In the wide-ranging interview, Rowley also commented on the complaints by the private sector regarding the shortage of foreign exchange.

”To battle COVID economic contraction, the US government printed two trillion dollars and gave it to its people. They don’t have to make the money. They just print it. But for us, every US dollars we spend, we must earn it. So the demand for more foreign exchange is just that, a demand.

“Take medicine. We must pay for all the drugs in foreign exchange. We can’t buy them in TT dollars. We pay for the food in foreign exchange. The question is how much of what we import in a free market do we really need?”

Rowley said the country’s ability to earn significant foreign exchange through agriculture and other means is limited.

“What we can do is reduce our foreign exchange expenditure by producing and consuming as much local food as we can. We have been brought up eating other people’s food. We need to prioritise our a) use of foreign exchange and b) earn more.”

During the interview, Rowley maintained that the sale of the state-owned oil refinery at PETROTRIN to the company owned by the Oilfield Workers Trade Union (OWTU) represented the best offer for the company that had been losing billions of dollars annually over the years.

He said Patriotic Technologies “made us the best offer and was selected (and) we are currently working out contractual arrangements on which the outcome will depend.

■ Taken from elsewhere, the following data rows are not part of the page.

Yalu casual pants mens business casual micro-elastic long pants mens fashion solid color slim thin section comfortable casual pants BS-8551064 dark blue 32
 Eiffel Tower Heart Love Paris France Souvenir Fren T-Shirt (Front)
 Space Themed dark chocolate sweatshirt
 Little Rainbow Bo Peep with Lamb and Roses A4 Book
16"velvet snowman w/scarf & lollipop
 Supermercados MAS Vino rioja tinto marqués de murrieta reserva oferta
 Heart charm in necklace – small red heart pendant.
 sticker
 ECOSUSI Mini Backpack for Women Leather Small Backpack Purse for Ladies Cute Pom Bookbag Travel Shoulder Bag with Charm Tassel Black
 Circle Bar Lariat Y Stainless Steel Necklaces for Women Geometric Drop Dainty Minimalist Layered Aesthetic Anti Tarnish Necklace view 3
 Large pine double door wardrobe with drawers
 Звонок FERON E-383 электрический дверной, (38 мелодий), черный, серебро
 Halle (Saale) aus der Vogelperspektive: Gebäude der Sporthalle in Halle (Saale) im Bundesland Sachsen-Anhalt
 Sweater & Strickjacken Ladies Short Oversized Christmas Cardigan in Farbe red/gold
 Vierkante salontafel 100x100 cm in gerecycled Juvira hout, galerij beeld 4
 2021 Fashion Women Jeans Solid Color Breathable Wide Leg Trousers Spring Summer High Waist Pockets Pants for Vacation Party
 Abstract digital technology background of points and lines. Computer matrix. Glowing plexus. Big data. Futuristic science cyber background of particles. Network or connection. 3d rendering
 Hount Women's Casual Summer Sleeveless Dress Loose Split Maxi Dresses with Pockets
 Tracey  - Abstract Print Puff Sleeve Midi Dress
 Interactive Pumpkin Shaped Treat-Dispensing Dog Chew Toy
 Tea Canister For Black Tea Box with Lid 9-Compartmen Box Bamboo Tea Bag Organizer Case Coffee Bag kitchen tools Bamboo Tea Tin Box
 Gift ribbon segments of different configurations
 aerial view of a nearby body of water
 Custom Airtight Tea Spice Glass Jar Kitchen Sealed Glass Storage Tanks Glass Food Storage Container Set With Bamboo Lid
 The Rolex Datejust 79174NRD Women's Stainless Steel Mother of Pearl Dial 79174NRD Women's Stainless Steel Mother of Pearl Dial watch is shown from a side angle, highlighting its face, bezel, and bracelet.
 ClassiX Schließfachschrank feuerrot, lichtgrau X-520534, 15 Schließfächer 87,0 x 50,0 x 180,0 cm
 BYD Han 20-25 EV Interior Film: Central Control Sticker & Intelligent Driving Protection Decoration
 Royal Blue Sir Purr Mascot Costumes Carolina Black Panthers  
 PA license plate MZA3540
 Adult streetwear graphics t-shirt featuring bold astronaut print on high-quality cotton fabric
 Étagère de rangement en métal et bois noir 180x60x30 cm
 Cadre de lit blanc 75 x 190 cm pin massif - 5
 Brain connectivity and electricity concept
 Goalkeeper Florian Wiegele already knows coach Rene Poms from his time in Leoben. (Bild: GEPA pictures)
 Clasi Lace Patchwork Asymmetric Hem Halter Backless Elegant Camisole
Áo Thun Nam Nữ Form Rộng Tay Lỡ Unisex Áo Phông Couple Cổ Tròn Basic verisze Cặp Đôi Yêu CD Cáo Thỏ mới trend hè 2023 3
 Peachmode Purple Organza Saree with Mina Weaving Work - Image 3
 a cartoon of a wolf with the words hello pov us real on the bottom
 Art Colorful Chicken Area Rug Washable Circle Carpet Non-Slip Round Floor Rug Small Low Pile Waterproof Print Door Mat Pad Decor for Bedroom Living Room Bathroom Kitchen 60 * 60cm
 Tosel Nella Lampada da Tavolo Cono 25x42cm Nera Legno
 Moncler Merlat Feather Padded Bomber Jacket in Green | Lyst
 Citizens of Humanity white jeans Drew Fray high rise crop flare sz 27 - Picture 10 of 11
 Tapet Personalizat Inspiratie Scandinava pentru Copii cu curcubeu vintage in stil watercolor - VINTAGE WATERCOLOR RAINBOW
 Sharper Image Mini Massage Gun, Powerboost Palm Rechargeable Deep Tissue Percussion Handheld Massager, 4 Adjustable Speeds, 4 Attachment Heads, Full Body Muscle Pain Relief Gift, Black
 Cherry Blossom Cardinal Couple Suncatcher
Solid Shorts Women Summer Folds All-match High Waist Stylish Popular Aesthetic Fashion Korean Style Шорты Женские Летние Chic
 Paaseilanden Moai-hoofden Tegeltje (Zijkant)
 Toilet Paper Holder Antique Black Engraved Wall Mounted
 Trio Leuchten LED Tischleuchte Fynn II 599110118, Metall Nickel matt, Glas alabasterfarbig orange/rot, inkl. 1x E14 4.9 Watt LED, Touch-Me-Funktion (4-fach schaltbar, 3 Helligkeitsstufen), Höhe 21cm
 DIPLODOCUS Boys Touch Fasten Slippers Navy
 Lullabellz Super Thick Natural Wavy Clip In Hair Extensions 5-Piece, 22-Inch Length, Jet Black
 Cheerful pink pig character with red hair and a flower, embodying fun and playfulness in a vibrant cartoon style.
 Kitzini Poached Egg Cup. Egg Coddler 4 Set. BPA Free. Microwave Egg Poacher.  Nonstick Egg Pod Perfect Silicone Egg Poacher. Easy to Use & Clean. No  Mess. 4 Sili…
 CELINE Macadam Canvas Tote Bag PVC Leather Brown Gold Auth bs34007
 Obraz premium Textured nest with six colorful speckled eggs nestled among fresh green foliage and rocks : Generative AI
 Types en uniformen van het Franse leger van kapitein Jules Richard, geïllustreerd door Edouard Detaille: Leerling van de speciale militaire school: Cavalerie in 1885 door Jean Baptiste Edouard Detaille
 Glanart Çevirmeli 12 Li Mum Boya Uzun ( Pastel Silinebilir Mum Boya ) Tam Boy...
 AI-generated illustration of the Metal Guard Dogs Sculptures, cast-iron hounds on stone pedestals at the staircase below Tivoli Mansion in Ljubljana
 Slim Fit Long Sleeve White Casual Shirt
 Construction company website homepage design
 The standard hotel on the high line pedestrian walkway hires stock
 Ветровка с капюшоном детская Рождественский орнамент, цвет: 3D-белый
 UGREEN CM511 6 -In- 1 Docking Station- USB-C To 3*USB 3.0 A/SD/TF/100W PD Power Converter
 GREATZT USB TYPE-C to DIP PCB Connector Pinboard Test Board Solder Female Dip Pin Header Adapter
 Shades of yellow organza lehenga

They are close, but it’s not finalised.

“Last August, a thorough review of PETROTRIN revealed a US$850 million debt. We had to either pay the debt or refinance it and couldn’t do so without severe financial consequences to the Treasury. “Restructuring allowed us to create the Heritage Petroleum Company Ltd., which is servicing that debt without a government guarantee, paying the taxes to the country and making a profit of over a billion dollars. The downside was we had to close the refinery. The upside to that was we saved the national financial economy,” Rowley told the Trinidad Guardian newspaper.